The FCC Media Bureau’s Video Division is “running a little behind schedule” in handling broadcast license renewals because of the pandemic, said Senior Attorney-Adviser David Roberts at an FCBA event Monday. “We are living in a COVID world” and working remotely, “so we ask you not to hold it against us,” he said. Those difficulties occasionally lead to a broadcaster's renewal not being completed by the day its license expires, he said. Stations seeking such renewals are themselves being slowed by the difficulties of the pandemic, he said. There’s “nothing magic about that day,” Roberts said. “It just means we’re working through your group.” The Video Division is “flooded” with “several significant work streams,” said Chief Barbara Kreisman, citing the license renewal season, repacking reimbursement, low-power TV stations converting to digital by this summer’s deadline, and a recent host of stations requesting channel changes. Takeovers are also “heating up,” Kreisman said. Disorganized online public files can cause a station renewal application to take longer, Roberts said. He said the agency’s shift to the license management system for the renewal process, from the consolidated database system, was a major change. “Getting used to LMS has been an adjustment,” he said. Video Division staff repeatedly said it's best for stations anticipating problems with their renewal applications -- political file violations, late filings, kidvid issues -- to be as clear as possible in their filings and contact the division to discuss the matter. “Reach out in advance,” Roberts said. “Be thoughtful on disclosures.”
FM broadcasters offering geotargeted content have every incentive to reduce self-interference and are required by the FCC to do so, said GeoBroadcast Solutions in replies posted Friday in docket 20-401. REC Networks replied earlier (see 2103100057). GBS, the primary proponent of such proposed changes to booster rules, resisted arguments this would lead to radio advertising “redlining.” All other media can geotarget ads, and those were an ATSC 3.0 selling point, GBS said. “Yet there was no mention of redlining in the hundreds and hundreds of pages of comments filed in that proceeding by the broadcast industry and its trade association.” The Multicultural Media, Telecom and Internet Council and the National Association of Black Owned Broadcasters called for a pilot program to test the technology in three markets.

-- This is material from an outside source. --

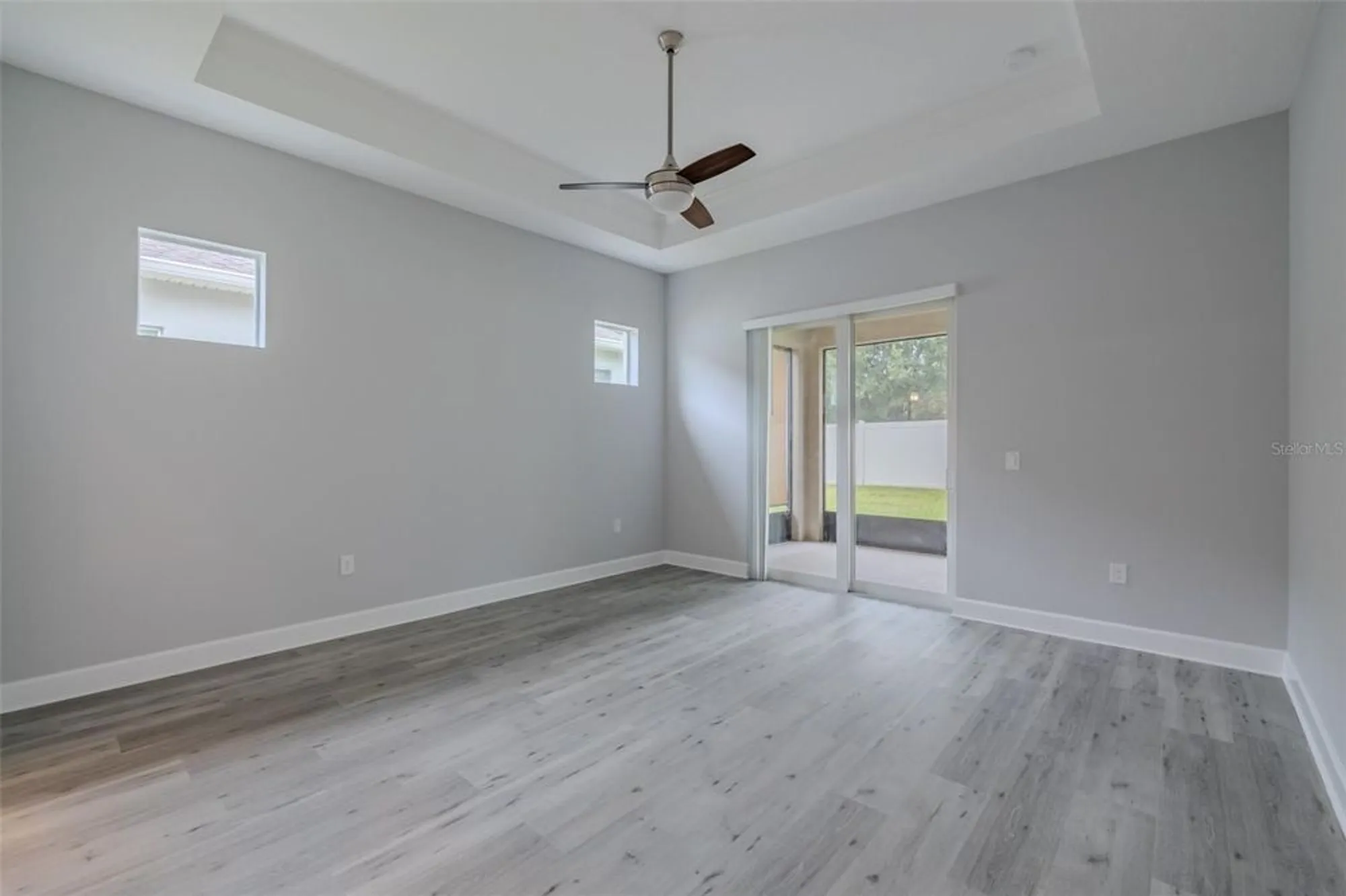 Property Slideshow image 19 of 50 | 5714 stockport st, Riverview, FL, 33578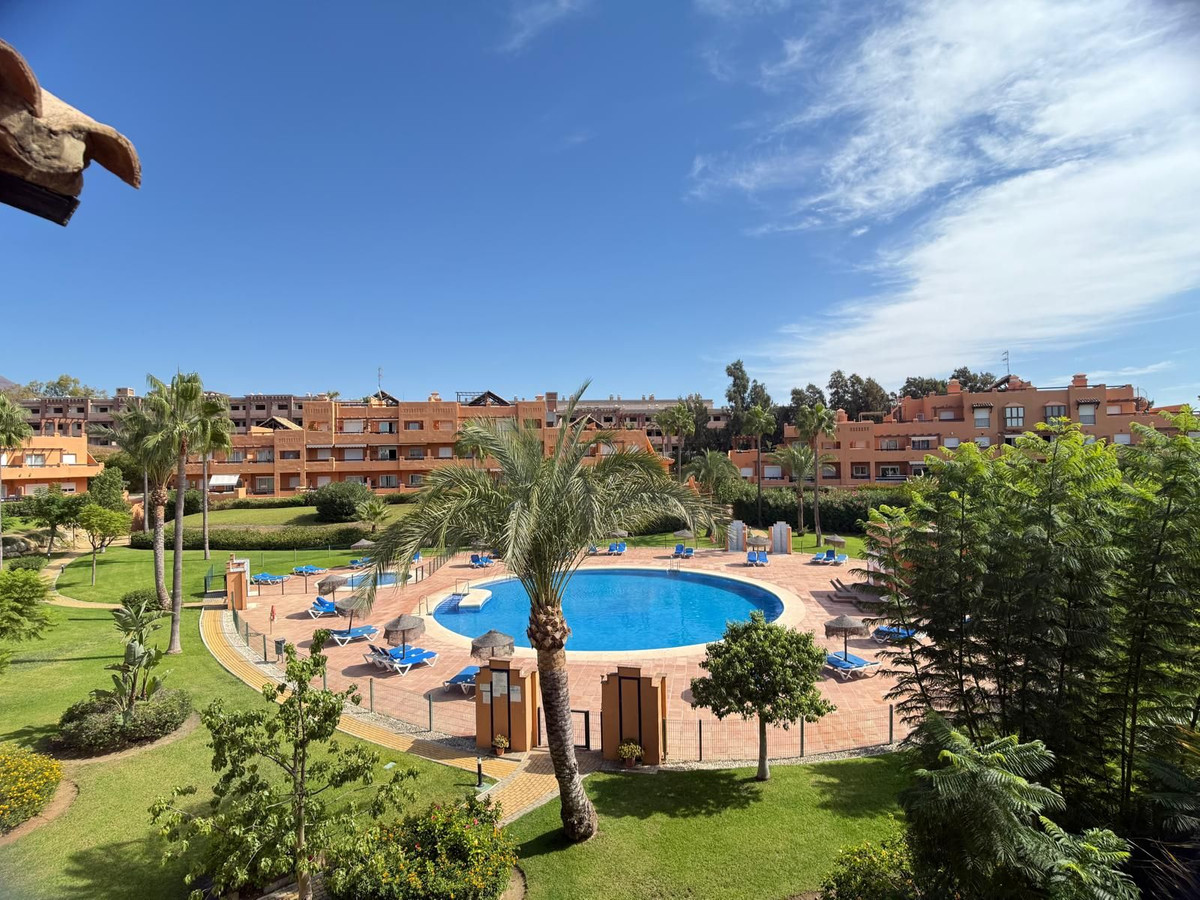 Penthouse te koop in Casares | 2 slaapkamers H5264215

They "recommend that the pilot be designed to address all of the questions raised in the comment round of this proceeding, including the impact of the technology on local advertising markets." The FCC simply can't "ignore the concerns of the radio industry,” said the New York State Broadcasters Association, opposing the rule change. “Objectionable interference is certain under the Geo proposal,” said broadcast engineer Alan Kirschner of Nashville. Ad agency Media Negotiator, Urban One DJ and restaurant owner Sam Sylks and Roberts Broadcasting supported the option to geotarget as helpful to radio and local businesses. GBS said it has “no plans” for such targeting of emergency alert system messages, though the company and proponents of the tech have touted targeted alerts (see 2006040024).
An NPRM on emergency alerting and an order on sharing outage report information with state and local agencies are expected to be approved with few changes at the FCC commissioners' meeting Wednesday, likely unanimously, according to industry officials.